This is an action for damages for personal injuries, resulting from the blow of a hammer upon a hatchet used as a chisel, which caused a steel sliver to fly and pierce plaintiff's eye so that its vision is obscured. The jury awarded plaintiff $15,000, and defendant appealed from the judgment entered on the verdict.

The evidence adduced warrants the finding that, on September 25, 1924, plaintiff, a negro, then twenty-two years of age, had been in defendant's employ for three or four days. His wages were eighteen dollars a week. Hired by the foreman of the tin shop, his duties consisted in shearing brass parts from cans, which cans were to be destroyed. It develops that shears were used to cut the brass from cans. The shears rested upon and were fastened to, a table by means of a metal strap about an inch wide, nailed to the table. The shears, about twenty-eight inches in length, were operated by means of a handle, similar to the handle of a pump. The nail heads were driven into the wood of the table.

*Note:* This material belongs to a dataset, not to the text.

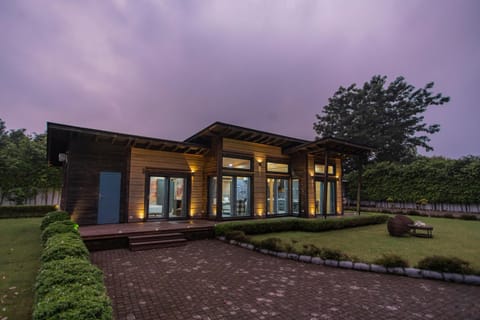 Property building, Facade/entrance, Seating area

The plaintiff, who was inexperienced, was working with a white man named Seibert, hired the day after plaintiff began his service. In the forenoon of the day he was injured, plaintiff complained to the foreman that the shears were set too low. The foreman agreed to raise them, telling plaintiff he would show him the way. Subsequent to the noon hour, at the suggestion of Seibert, plaintiff saw the foreman and requested a claw-hammer with which to pull the nails, the foreman responding that he did not have one. Upon informing the foreman that the nails were too deeply imbedded in the wood, and that a claw-hammer was necessary, the foreman said to plaintiff, "Well, use the hatchet as a chisel." In instructing plaintiff in the method of using it as a chisel, the foreman said, "Place the blade of the hatchet against the nail and take the hammer and hit it, and you can cut the nails off and remove the strap from the shears." On returning to the table, plaintiff communicated to Seibert the advice of the foreman. As suggested, using the hatchet as a chisel and hitting it with the hammer, Seibert severed the heads of two nails. He then said to plaintiff, "You try some." Plaintiff, adopting the same method, placed the blade of the hatchet against the head of a nail and while engaged in thus cutting it off, a sliver of steel flew from the hatchet and pierced the eye, leaving it with a vision able to distinguish light only. Other pertinent facts, if any, will be stated in the opinion.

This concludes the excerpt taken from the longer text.